• Work to be completed:
In your copy of the listing below, reproduce each word exactly and include no pictures.

:: Information provided ::

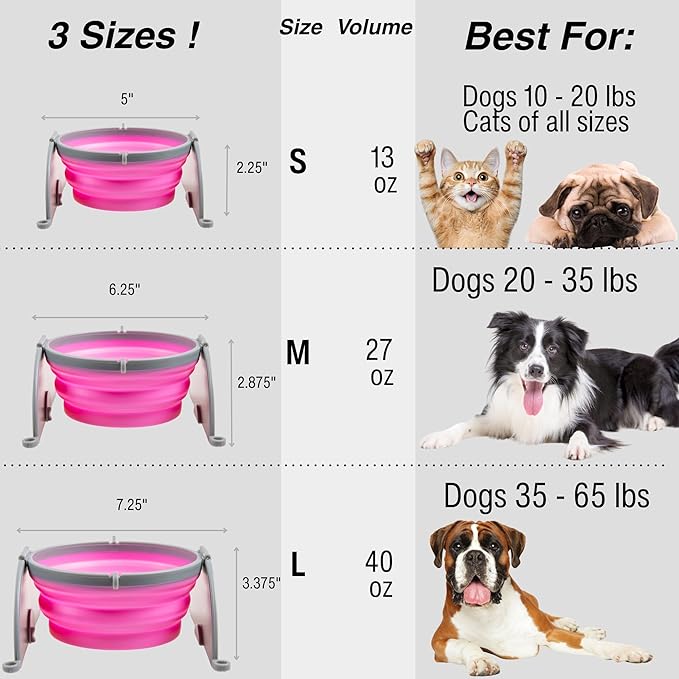 Loving Pets Bella Roma Collapsible Dog Bowls - Silicone Dog Bowls, Foldable Bowl, Puppy Essentials & Hiking Pet Supplies Great for Home & Travel (Pink, Large)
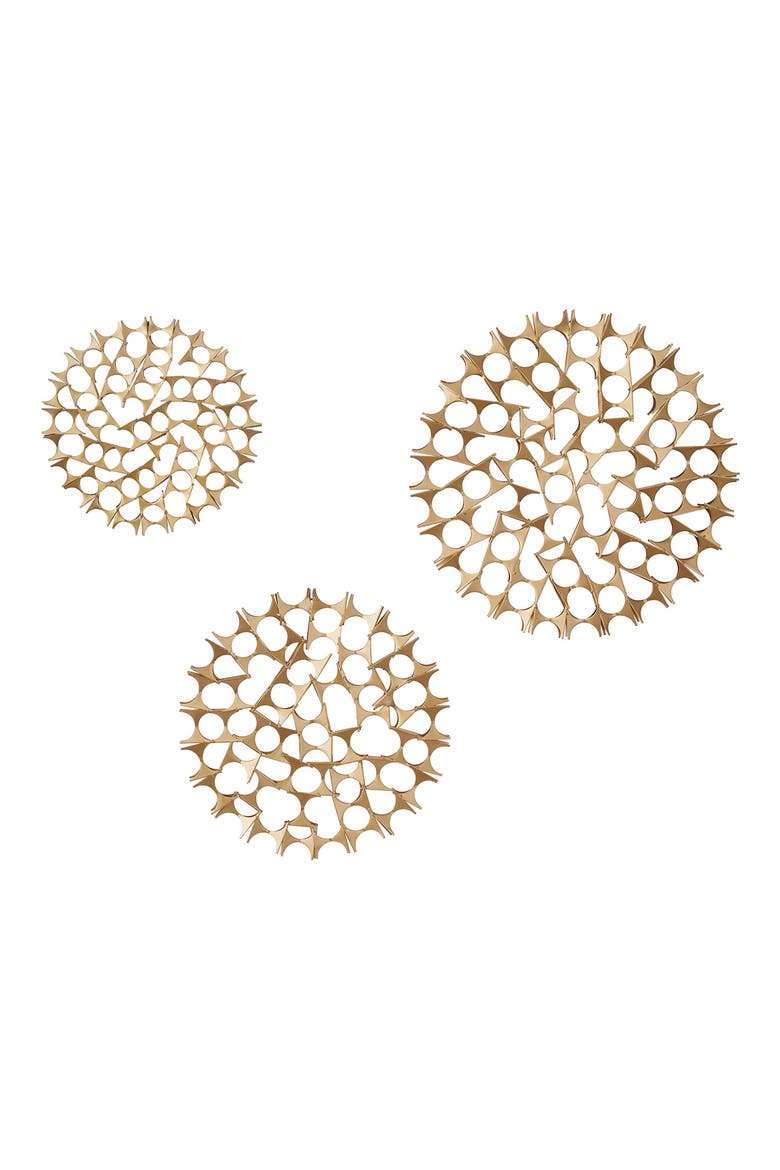 Goldtone Metal Starburst Wall Decor with Cutout Design - Set of 3, Alternate, color, GOLD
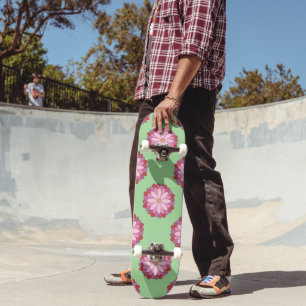 Skateboard Médaillon asiatique rose pastel Floral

:::

• Exercise output:
 Loving Pets Bella Roma Collapsible Dog Bowls - Silicone Dog Bowls, Foldable Bowl, Puppy Essentials & Hiking Pet Supplies Great for Home & Travel (Pink, Large)
 Goldtone Metal Starburst Wall Decor with Cutout Design - Set of 3, Alternate, color, GOLD
 Skateboard Médaillon asiatique rose pastel Floral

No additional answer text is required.